§ **GIVEN RECORDS**:
------------------------------------------------------------------------

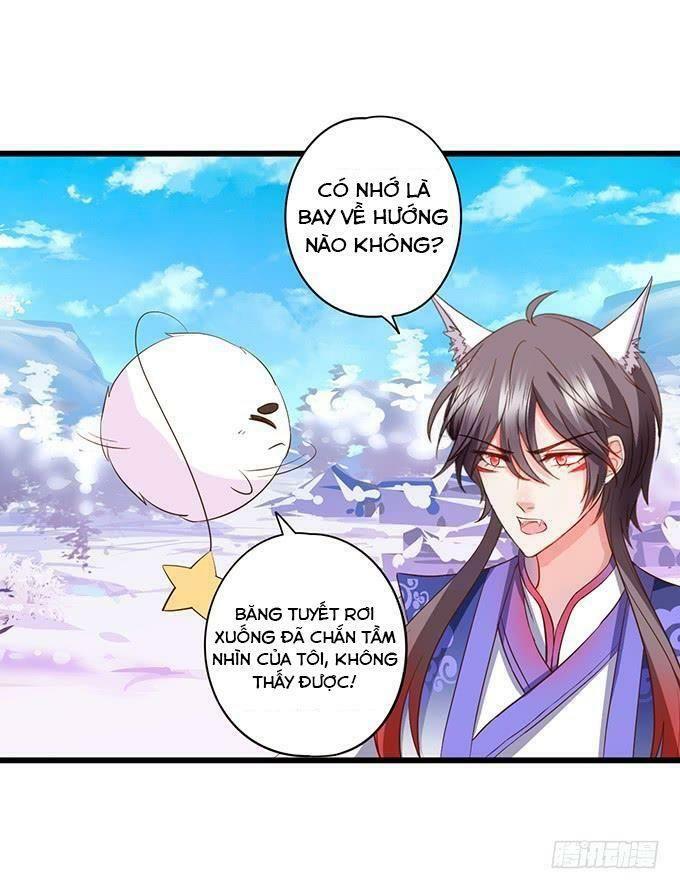 Hồ Tiên Hung Bạo: Chapter 105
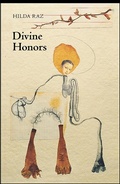 Cover: Divine Honors - Wesleyan University Press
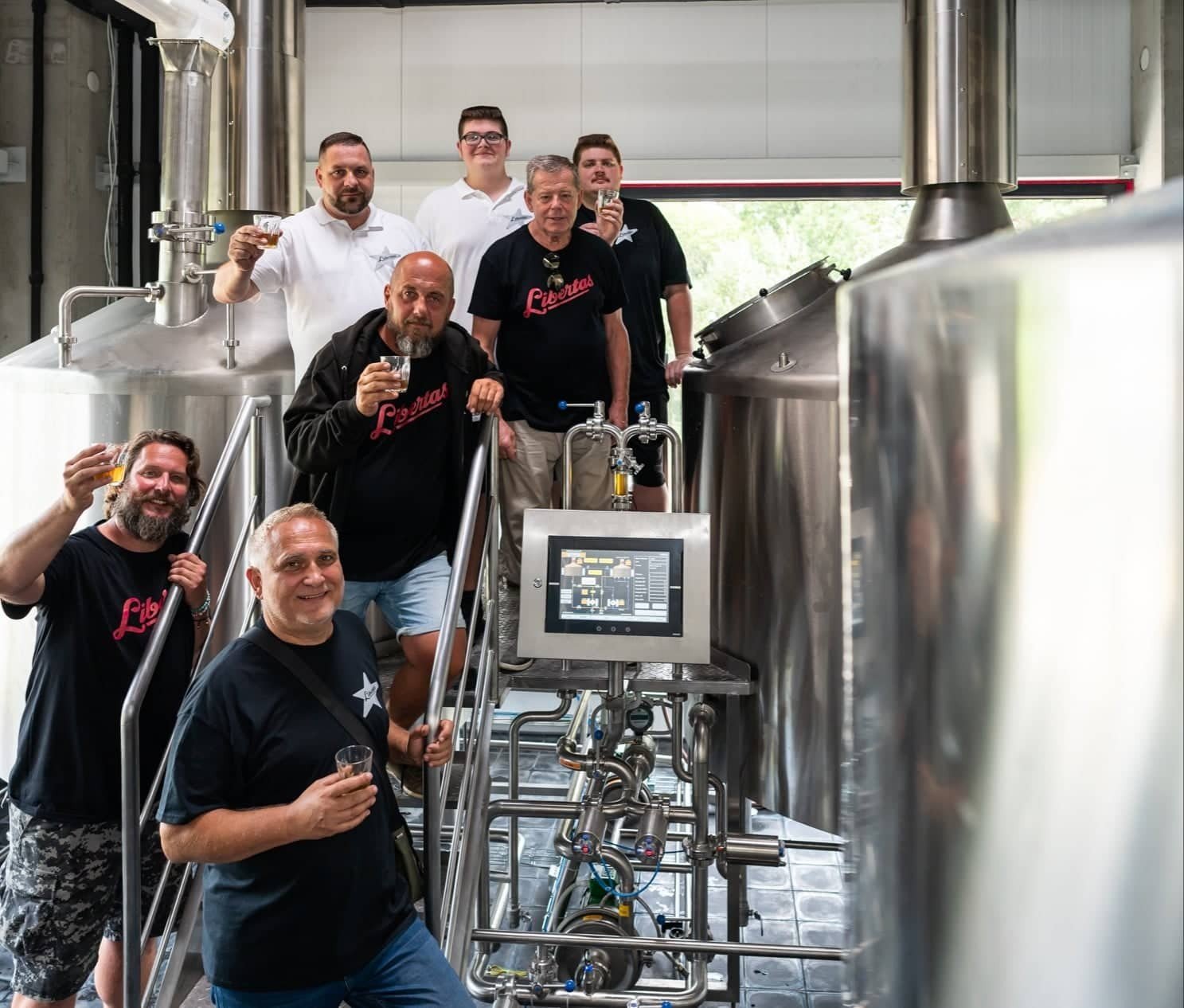 Akciový pivovar Libertas Brauerei aus Tschechien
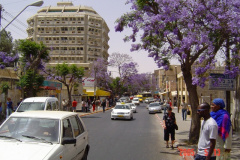 Beer Sheva - The Capital of the Negev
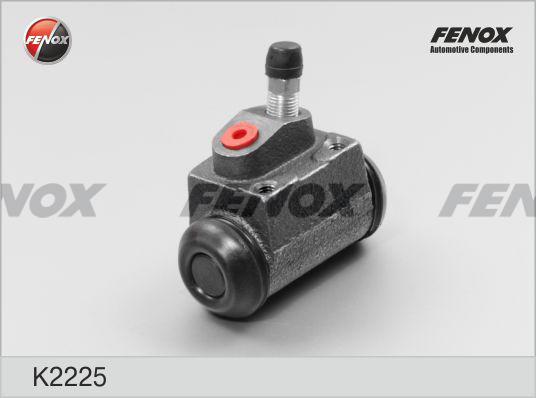 Fenox K2225 - Спирачно цилиндърче на колелото vvparts.bg
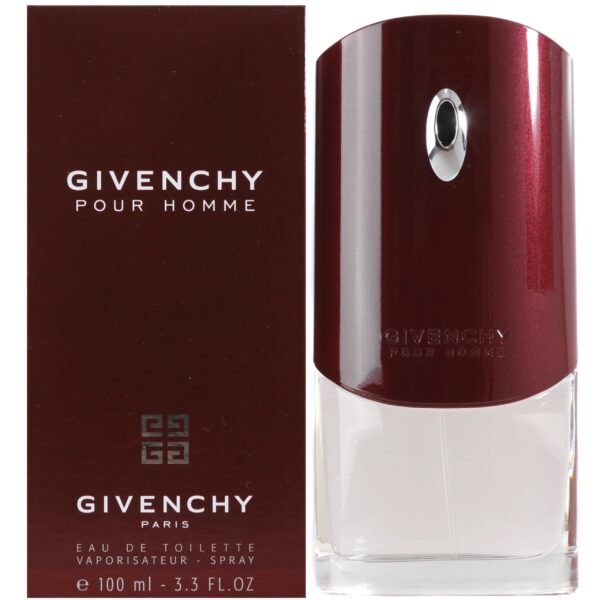 Givenchy Givenchy Eau de Toilette for Men – 3.3 oz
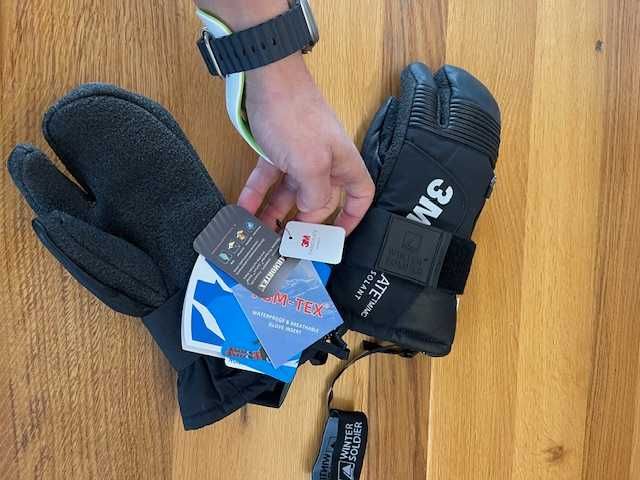 Manus de Ski si Snowboard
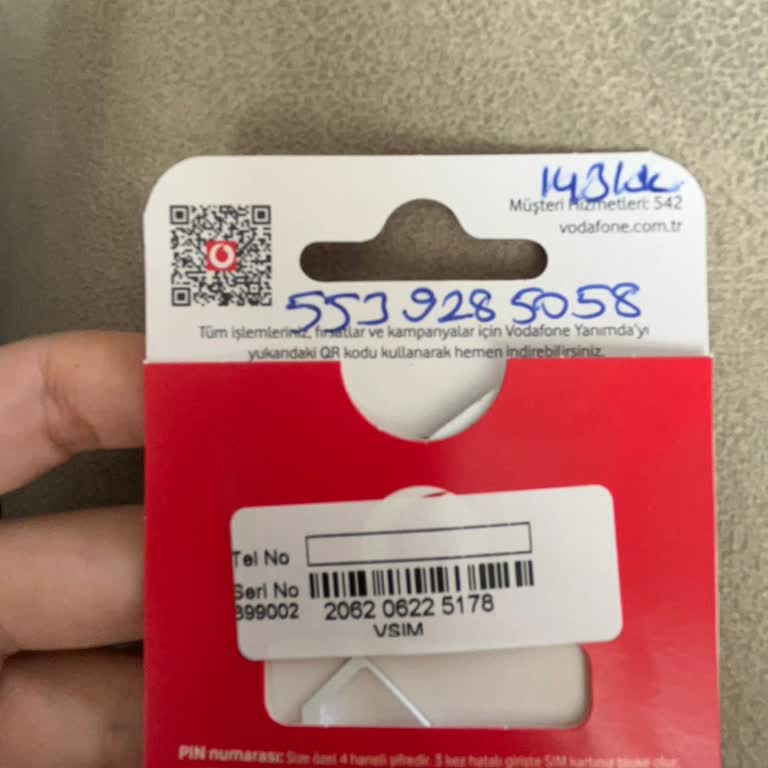 Yanlış Numara Taşınması Ve İletişim Eksikliği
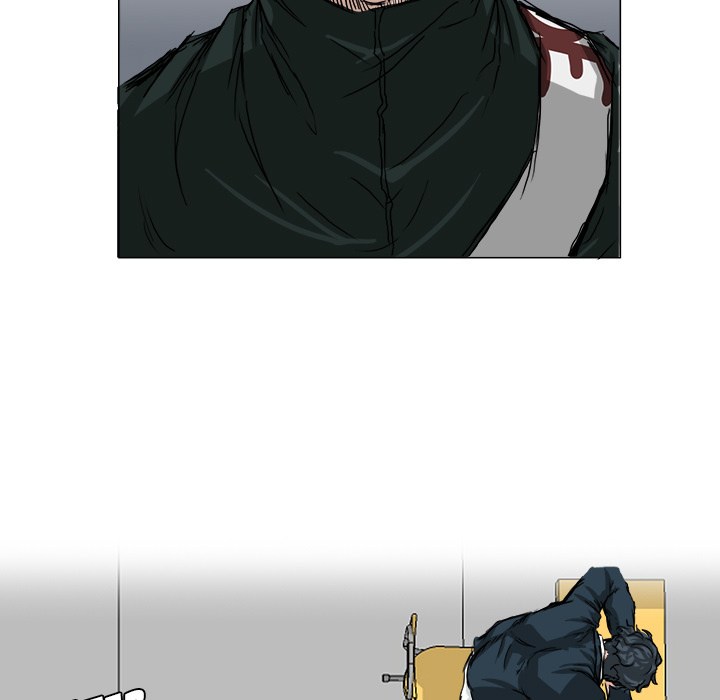 Boss in School Chap 15 - Next Chap 16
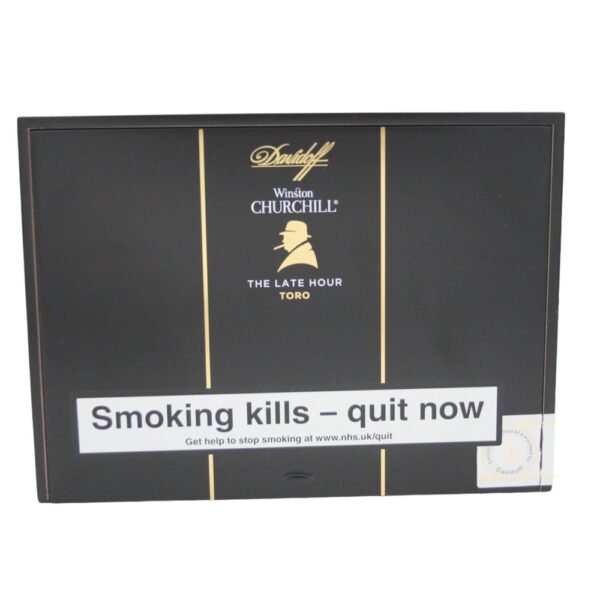 DAVIDOFF WSC LATE HOUR TORO
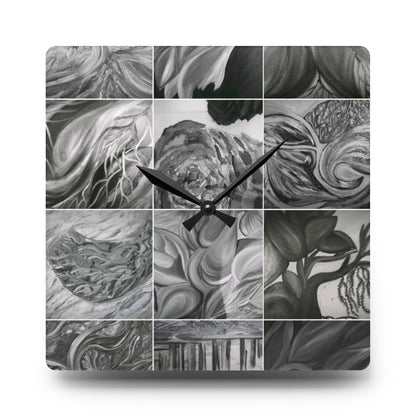 Ethereal by Farooq: In The Shadows Clock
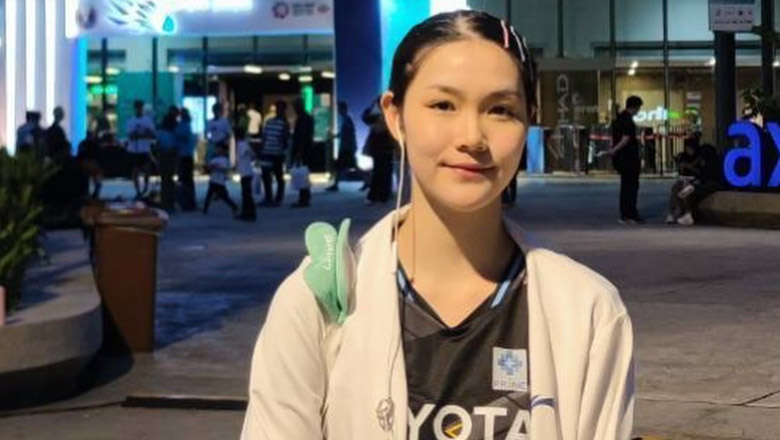 Link xem trực tiếp cầu l&ocirc;ng Indonesia Masters 2026 Pitchamon Opatniputh vs Wong Ling Ching - Ảnh 1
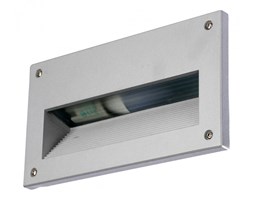 Lampa zewnętrzna ścienna BASALT I Nowodvorski aluminium pc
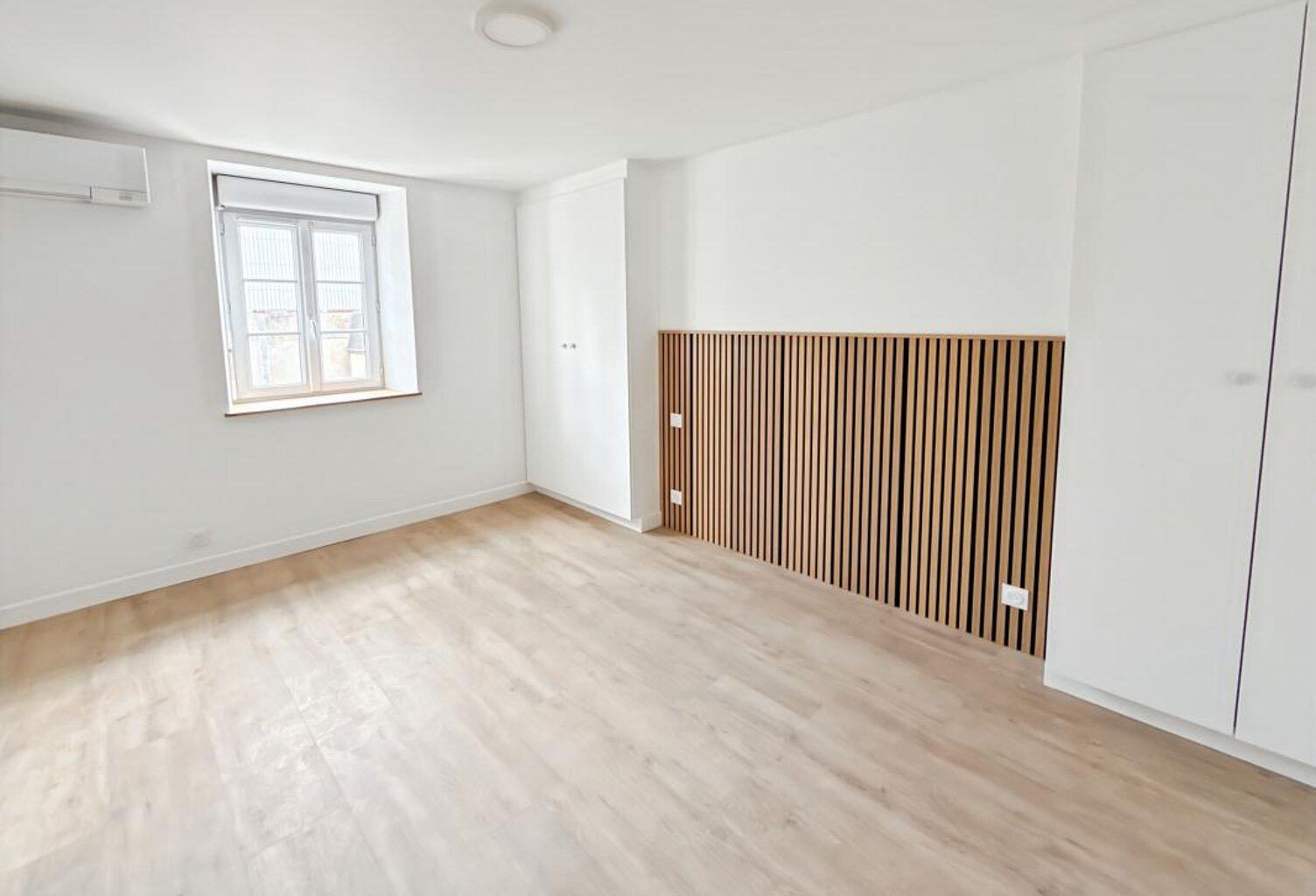 location appartement 2 pièces de 26,64 m² entièrement rénové — photo 1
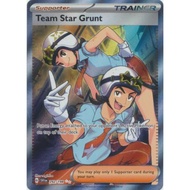 Team Star Grunt 242/198 Pokemon Card English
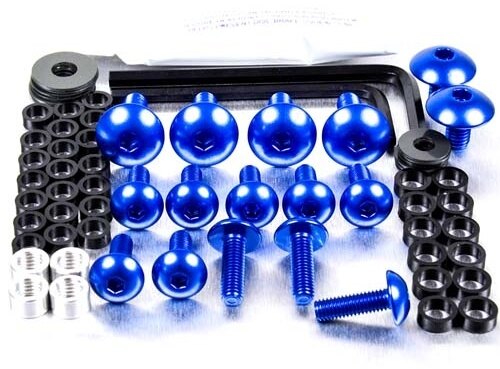 PRO BOLT プロボルト フェアリングキット Tiger 800 TRIUMPH トライアンフ 汎用ボルト・ネジ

------------------------------------------------------------------------

In the data above, take the line with "Yanlış Numara Taşınması", the line with "Link xem trực", and every line between, and set them down exactly without pictures.

 Yanlış Numara Taşınması Ve İletişim Eksikliği
 Boss in School Chap 15 - Next Chap 16
 DAVIDOFF WSC LATE HOUR TORO
 Ethereal by Farooq: In The Shadows Clock
 Link xem trực tiếp cầu l&ocirc;ng Indonesia Masters 2026 Pitchamon Opatniputh vs Wong Ling Ching - Ảnh 1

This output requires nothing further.